No attempt is made in this paper to develop the new theory. If such a theory is to be developed it will take scholars (perhaps many scholars), writing books (perhaps many books), over years (perhaps many years). But, a "journey of a thousand miles begins with a single step" -- so states the old proverb. The objective of this paper is to lay the foundation for that "first step".


This is not a scholarly paper, at least in the conventional sense. It does not include an extensive review of literature nor is it heavily referenced. This paper is a product of a long intellectual journey. There was no initial intent to take this trip or to arrive at this destination. Thus, no journal was kept to document either the route taken or the many people who have unknowingly provided guidance along the way. Ultimately, the journey may need to be retraced. But for now, I will simply not claim anything here to be original with me. I quite likely discovered it all in the work of someone else. All I have done is rearranged it. I will cite specific sources in the text -- in cases where I can recall them and find them. I will also provide a reference list at the end with as many sources as I can remember that have added significantly to my thinking. For now, I only hope to provide a compass for more scholarly works that might follow.
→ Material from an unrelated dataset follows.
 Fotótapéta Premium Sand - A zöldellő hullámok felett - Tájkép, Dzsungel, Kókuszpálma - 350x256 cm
Toward an Economics of Sustainability

John E. Ikerd
University of Missouri
January, 1997


The Issue of Sustainability

Sustainability is a long run, people-centered concept. There have been many attempts to define sustainability, but most are rooted in the general concept of intergenerational equity. Sustainable development, as used in this paper, means meeting the needs and wants of people of the current generation while leaving equal or better opportunities for people of generations to follow. What is to be sustained? -- development of resources: natural, human, and economic. What is the purpose of development? -- positive change or human progress, not necessarily growth in numbers or size. Who is to benefit from such development? -- people of the current generation and of generations to follow. For how many generations is development to be sustained? -- for all future generations, forever. Thus, sustainability is about sustaining a desirable quality of life for people, forever.

Some find fault with the anthropocentricity -- human-centeredness -- of this definition. However, if we are not concerned, uniquely, with sustaining progress of the human species, there is no management issue to be addressed. We can simply depopulate or otherwise reduce human claims on resources to a point where the sustainability of other species is no longer in question, or at least is not threatened by humans. However, human nature is not unlike the nature of other species, in that we humans have an innate instinct for survival, reproduction, and self-gratification.
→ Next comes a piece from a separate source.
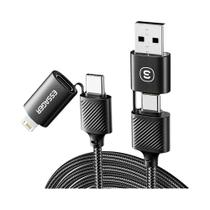 Cabo USB Tipo C 2 em 1 - Carregamento Rápido para Samsung, Xiaomi, Huawei e Apple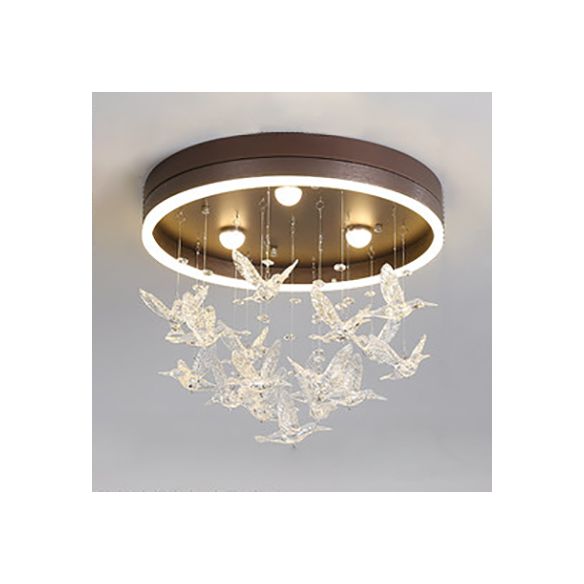 Round Flush Light with Clear Crystal Bird Modern LED Flush Mount Light for Bedroom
We will not reduce our claims on resources for the sole purpose of ensuring the sustainability of other species. But, we will do so if we perceive it to be in "our" best interest. The fact that we are concerned "uniquely" with sustaining the human species does not imply that we are concerned "exclusively" with sustaining the human species. Unlike the economics of "chrematistics" might imply, "our" best interest is not exclusively individualistic in nature. Our interests as members of society and as members of the human species are linked with self-interest through "oikonomia". Thus, "our" interests may well be served best through sharing and stewardship, including preservation of other species, rather than through expressing individual human greed -- through "oikonomia" rather than "chermatistics". However, we have no conceptual road map, or theory, to guide us from "chrematistics" to "oikonomia" in the pursuit of "our" best interest.

The issue of sustainability is rooted in a set of questions: is our economy sustainable, is our society sustainable, is human life on earth sustainable, is the earth sustainable?... if we continue to pursue the goals of conventional economic development. Many have answered these questions -- no! They believe that we are on a road that can lead only to total depletion of the natural resource base and ultimate destruction of the human species. Others answer the question -- yes! They believe the pursuit of short run profits through responding to consumer preferences is the only logical means of optimizing resource allocation, and thus, sustaining human progress.
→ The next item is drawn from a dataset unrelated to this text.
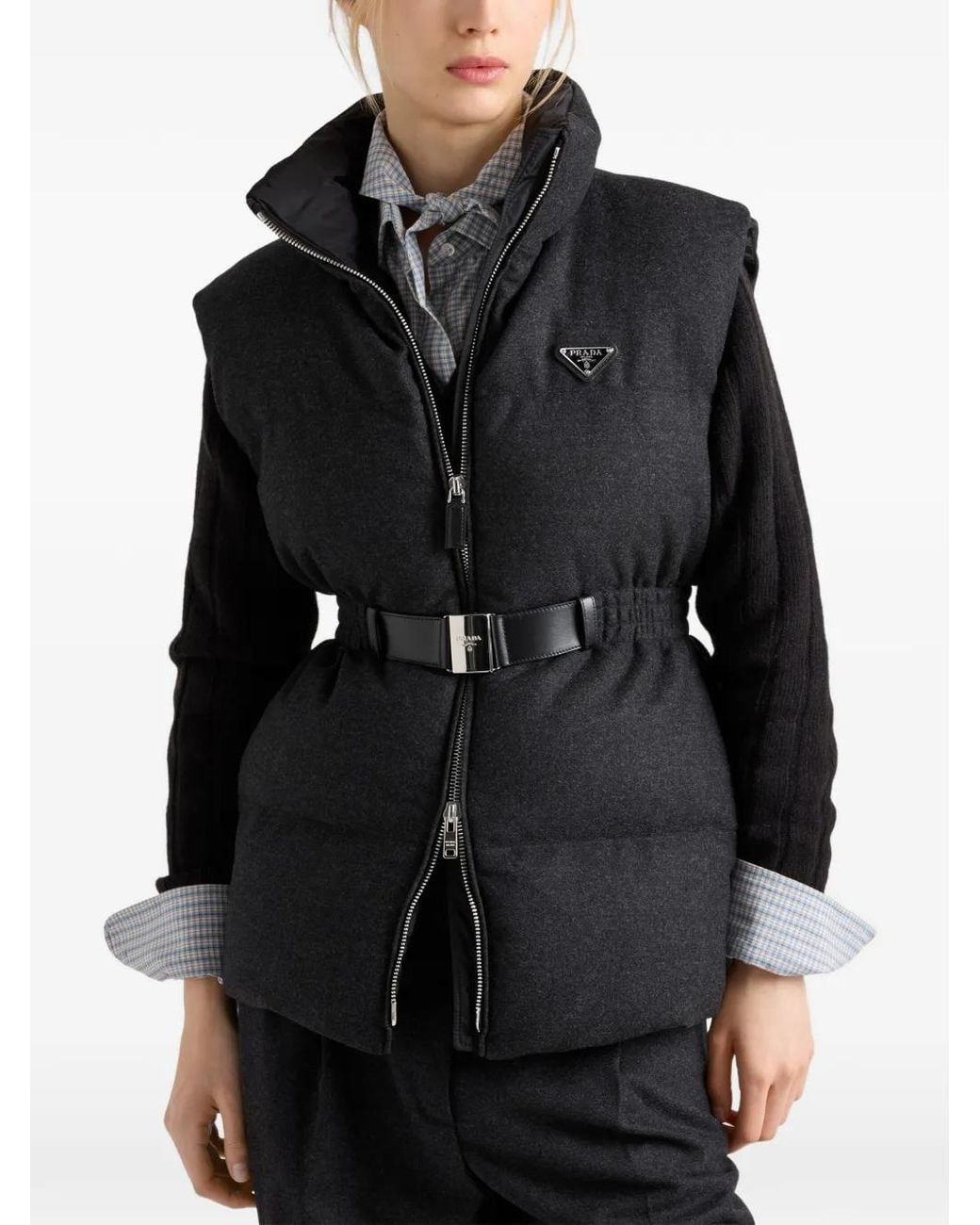 Prada Black Re-Wool Down Vest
Sustainability, as a consequence of its long-run nature, will remain a question with no definite answer, a direction without a precise destination, a process without a final product. We can never know with certainty whether any particular approach, method, or activity is sustainable or not sustainable. Just because something has been sustained until now, does not mean it can be sustained forever. Just because something has not been sustained up to now, does not mean that it could not have been sustained, until now and into the future. We cannot prove empirically that anything is or is not sustainable in the long run. The long run is forever.

What we can do is make logical, informed judgments concerning the "likelihood" that something will or will not be sustainable. However, even here, there is no general agreement concerning the logical foundation for making such judgments. The believers in the economics of "chermatistics" see no limits to growth. They believe, implicitly, that human ingenuity is infinitely substitutable for limited natural resources. Thus, production and consumption of economic goods and services can continue to grow indefinitely. If such is the case, there is no legitimate question of sustainability. Human development is sustainable, by assumption.

However, the emergence of sustainability as a major public issue reflects a fundamental challenge to the assumption of unlimited growth. Concerns for sustainability are not rooted in scientific observation, even though the growing abilities of humanity to degrade the natural resource base and to wipe out large segments of human society clearly are observable. Those who are concerned about sustainability "believe" we must find better ways of utilizing our natural and social resource bases in order to sustain human progress on earth. They believe these resources are finite, and thus, ultimately will limit growth in human consumption. They reject the belief that science and technology will yield substitutes for depleted resources, including extinct biotic life forms. They reject the belief that fundamental laws of nature ultimately can be repealed through human ingenuity.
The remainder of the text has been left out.